Task brief — Use the entries below and reproduce exactly the lines from the one containing "Tissu noir avec" down to the one containing "An old building", both of them included.

>>>>

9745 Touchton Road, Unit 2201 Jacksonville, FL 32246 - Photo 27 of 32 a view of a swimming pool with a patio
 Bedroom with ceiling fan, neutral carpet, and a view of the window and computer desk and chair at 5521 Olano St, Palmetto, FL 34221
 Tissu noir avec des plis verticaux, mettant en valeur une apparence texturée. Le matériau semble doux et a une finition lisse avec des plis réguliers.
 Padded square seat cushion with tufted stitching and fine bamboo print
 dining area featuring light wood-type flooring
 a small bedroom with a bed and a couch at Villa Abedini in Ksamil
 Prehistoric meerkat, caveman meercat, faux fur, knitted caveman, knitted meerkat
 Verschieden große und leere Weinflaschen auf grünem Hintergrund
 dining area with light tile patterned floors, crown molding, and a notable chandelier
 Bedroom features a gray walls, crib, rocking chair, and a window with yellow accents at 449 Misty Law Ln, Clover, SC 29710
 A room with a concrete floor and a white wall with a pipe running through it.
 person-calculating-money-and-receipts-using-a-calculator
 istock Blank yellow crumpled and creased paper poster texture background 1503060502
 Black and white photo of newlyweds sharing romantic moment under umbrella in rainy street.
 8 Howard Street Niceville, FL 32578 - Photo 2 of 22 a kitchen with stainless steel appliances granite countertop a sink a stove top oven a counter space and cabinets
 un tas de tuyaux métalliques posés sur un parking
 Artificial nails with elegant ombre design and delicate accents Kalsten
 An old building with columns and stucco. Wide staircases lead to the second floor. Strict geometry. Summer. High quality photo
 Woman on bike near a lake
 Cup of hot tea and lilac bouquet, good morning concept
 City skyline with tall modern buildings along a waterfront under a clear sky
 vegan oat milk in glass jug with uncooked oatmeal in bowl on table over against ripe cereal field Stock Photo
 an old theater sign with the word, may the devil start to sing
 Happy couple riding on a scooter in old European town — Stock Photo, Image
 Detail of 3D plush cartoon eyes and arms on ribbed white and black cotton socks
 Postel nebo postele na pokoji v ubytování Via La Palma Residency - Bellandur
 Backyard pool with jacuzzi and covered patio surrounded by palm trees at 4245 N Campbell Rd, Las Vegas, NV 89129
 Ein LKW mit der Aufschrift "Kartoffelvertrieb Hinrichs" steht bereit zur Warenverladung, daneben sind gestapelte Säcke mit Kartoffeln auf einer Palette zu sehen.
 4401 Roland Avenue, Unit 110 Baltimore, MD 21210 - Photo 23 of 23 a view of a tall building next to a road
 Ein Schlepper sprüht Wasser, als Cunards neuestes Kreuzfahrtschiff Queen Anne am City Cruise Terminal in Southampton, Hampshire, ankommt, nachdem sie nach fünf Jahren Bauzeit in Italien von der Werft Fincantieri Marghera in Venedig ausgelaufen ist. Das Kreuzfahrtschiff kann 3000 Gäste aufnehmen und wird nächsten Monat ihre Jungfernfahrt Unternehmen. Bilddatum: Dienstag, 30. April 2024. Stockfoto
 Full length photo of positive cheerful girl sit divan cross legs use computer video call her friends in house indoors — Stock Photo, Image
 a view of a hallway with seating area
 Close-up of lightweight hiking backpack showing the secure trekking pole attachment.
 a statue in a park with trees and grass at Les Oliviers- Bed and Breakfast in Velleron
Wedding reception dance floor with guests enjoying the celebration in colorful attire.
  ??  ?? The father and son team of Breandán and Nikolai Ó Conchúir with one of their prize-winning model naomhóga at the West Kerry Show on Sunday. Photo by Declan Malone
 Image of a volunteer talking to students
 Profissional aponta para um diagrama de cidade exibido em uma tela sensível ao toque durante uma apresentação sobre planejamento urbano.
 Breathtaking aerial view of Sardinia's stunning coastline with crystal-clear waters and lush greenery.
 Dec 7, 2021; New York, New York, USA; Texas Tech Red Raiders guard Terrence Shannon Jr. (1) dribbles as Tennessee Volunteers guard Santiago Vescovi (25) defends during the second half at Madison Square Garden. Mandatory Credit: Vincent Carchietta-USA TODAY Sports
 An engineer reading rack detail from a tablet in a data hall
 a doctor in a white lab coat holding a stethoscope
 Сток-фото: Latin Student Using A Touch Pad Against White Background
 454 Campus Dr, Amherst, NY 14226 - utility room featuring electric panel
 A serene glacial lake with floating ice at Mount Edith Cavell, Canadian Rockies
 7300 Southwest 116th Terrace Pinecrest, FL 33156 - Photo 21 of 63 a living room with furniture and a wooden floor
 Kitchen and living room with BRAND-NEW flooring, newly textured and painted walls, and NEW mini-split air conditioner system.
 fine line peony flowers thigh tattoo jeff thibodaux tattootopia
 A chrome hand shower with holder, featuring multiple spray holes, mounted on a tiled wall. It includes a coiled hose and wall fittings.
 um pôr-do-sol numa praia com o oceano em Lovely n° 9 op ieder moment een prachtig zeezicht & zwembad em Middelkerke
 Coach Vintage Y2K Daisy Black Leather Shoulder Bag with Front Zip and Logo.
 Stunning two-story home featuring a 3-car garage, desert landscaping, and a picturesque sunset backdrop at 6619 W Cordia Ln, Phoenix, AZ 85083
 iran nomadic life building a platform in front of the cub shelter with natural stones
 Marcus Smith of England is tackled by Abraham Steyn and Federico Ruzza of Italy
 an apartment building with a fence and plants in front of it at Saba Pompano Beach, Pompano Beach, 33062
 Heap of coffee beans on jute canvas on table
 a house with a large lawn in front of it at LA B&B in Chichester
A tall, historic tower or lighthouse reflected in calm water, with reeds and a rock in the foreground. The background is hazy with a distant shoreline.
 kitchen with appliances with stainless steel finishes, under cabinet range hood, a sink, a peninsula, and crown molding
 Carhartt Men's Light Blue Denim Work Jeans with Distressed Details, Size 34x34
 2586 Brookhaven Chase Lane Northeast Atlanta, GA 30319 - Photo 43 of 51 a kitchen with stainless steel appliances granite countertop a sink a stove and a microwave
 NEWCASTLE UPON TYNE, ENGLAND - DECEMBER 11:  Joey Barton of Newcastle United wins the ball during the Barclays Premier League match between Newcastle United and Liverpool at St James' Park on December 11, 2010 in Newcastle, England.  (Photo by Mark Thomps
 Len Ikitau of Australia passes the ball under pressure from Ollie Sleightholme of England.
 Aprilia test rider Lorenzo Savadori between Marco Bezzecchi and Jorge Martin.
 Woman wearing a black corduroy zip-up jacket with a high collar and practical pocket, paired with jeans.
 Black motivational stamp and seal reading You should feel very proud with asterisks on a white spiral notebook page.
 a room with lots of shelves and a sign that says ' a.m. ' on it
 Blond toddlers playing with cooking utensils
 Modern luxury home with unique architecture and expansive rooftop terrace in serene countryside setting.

<<<<

Answer below —
 Tissu noir avec des plis verticaux, mettant en valeur une apparence texturée. Le matériau semble doux et a une finition lisse avec des plis réguliers.
 Padded square seat cushion with tufted stitching and fine bamboo print
 dining area featuring light wood-type flooring
 a small bedroom with a bed and a couch at Villa Abedini in Ksamil
 Prehistoric meerkat, caveman meercat, faux fur, knitted caveman, knitted meerkat
 Verschieden große und leere Weinflaschen auf grünem Hintergrund
 dining area with light tile patterned floors, crown molding, and a notable chandelier
 Bedroom features a gray walls, crib, rocking chair, and a window with yellow accents at 449 Misty Law Ln, Clover, SC 29710
 A room with a concrete floor and a white wall with a pipe running through it.
 person-calculating-money-and-receipts-using-a-calculator
 istock Blank yellow crumpled and creased paper poster texture background 1503060502
 Black and white photo of newlyweds sharing romantic moment under umbrella in rainy street.
 8 Howard Street Niceville, FL 32578 - Photo 2 of 22 a kitchen with stainless steel appliances granite countertop a sink a stove top oven a counter space and cabinets
 un tas de tuyaux métalliques posés sur un parking
 Artificial nails with elegant ombre design and delicate accents Kalsten
 An old building with columns and stucco. Wide staircases lead to the second floor. Strict geometry. Summer. High quality photo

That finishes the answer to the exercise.